The documentary filmmaker Ken Burns was raised in a small, 2-bedroom home in Ann Arbor, Michigan. A recent article[i] describes his personal journey, which began with a traumatic childhood:
Ken was 11 and his brother, Ric, was 10, when their mother was on her deathbed. Their father, Robert Kyle Burns Jr., an anthropologist, was mentally ill.
As his mother’s cancer metastasized, Ken overheard conversations — his mother pleading with relatives, asking for someone, anyone, to take her boys in the event of her death. “I remember being scared — scared all the time,” he said.
With their mother in the hospital, the boys were left to wait at home for the inevitable. On the night of April 28, 1965, Ken went to bed with one of the worst stomachaches he had ever had — his body registering what none of the adults would speak about.
The pain disappeared suddenly. The phone rang. His mother was gone.
Following his mother’s death, his father would disappear “for hours and then days at a time” and sometimes be gone for months.
There is a saying I learned when I was at Hospice of Santa Barbara: “Pain that is not transformed is often transferred” — meaning if we don’t’ find a way to channel personal hurt and anguish into something positive, we can end up inflicting that pain on ourselves or others. In his grief and confusion, Burns found such a path:
The filmmaker remembers the exact moment when he decided what he wanted to do with his life: He had never seen his father cry — not in all the years his mother had fought an excruciating illness, not even at the funeral — until one night after her death. His family was in the living room in front of their black-and-white TV, watching a movie, and suddenly his father began weeping.

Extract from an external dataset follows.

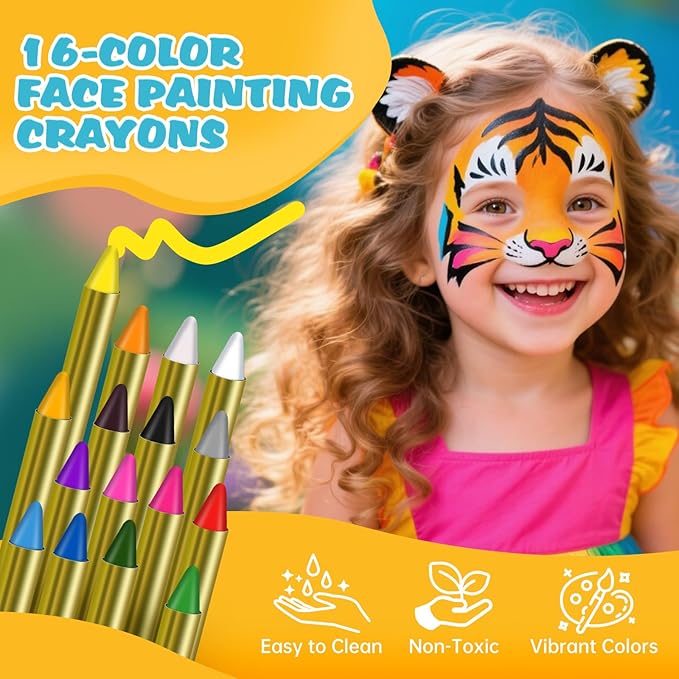 Face Painting Kit for Kids - 42 Colors Washable Face Paint Professional Face Paint Kit, with Brushes, Stencils, Palette, Gems, Crayon, Non-Toxic Body Makeup for Kids Halloween, Party, Birthday
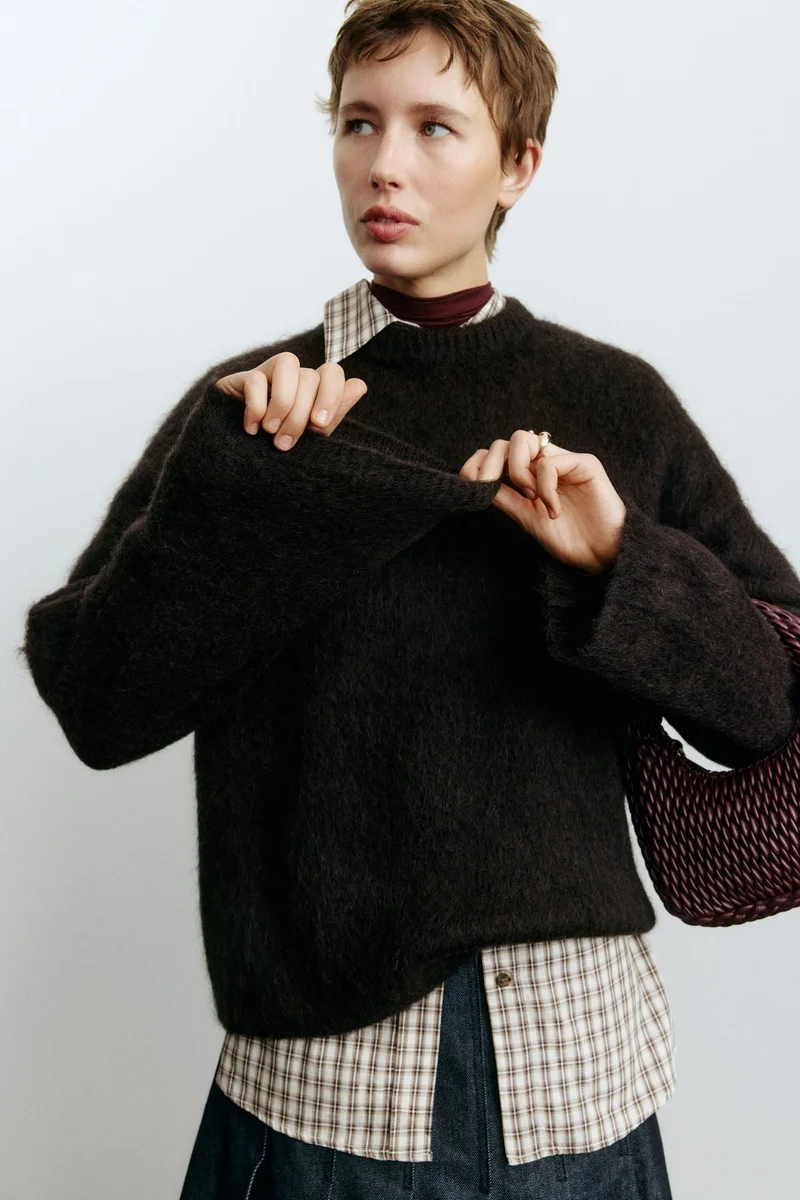 اتش اند ام كنزة فضفاضة من مزيج الموهير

“I just understood that nothing gave him any safe harbor — nothing,” Ken Burns said, except the film, which had created the space for a bereaved widower to express the fraught emotions he had suppressed.
Burns began creating historical films that would present the past as something much more personal than just a series of facts. Through stories, letters, photographs, and music, he has been able to bring real people to life, whether the topic is baseball, music (jazz and country), war (World War 2 and Vietnam) or any other topic.
The article ends with this:
Years ago, a psychologist finally gave him an answer to the meaning of his work. “Look what you do for a living — you wake the dead,” the psychologist told him.
When I finished the article, I realized much of my life has been about “waking the dead.” I’ve been reading history and biographies since grammar school, constantly looking for how real people endured hardship and crises. I love listening to music that can seem to bring the composer’s lived experience accross time and directly into my heart and mind. I gaze at works of art hoping to time-travel into someone else’s world and imagination. I turn to the great spiritual traditions to listen to their wisdom and insights. I never thought of it as “waking the dead” but maybe that’s what I’m seeking – and not just to “wake” them but to be in a living and learning relationship with them.
Some years ago, I heard the writer, activist and defender of rural values Wendell Berry speak at UCSB as part of a series on environmental poets. In the question-and-answer period, someone asked if, given his dedication to family farms, gardening should be a required subject in high school. Berry paused for a minute, then said, “No, students should read Homer and the Bible, because they need to know they problems they are facing are not new.” Our world has changed a great deal in terms of technology and science, but the challenges of being a responsible and resilient human being have not. I’m grateful for those who can wake the dead so we can learn from them.

“As a baby, Ken Burns appeared in this photo showing his mother spoon feeding him.” (NY Times)
[i] “The Land That Allowed Ken Burns to Raise the Dead,” New York Times, Nov 27, 2024
Lead image: “Burns in the mid-1970s, just as he was starting to create his film studio” (from the Times article.)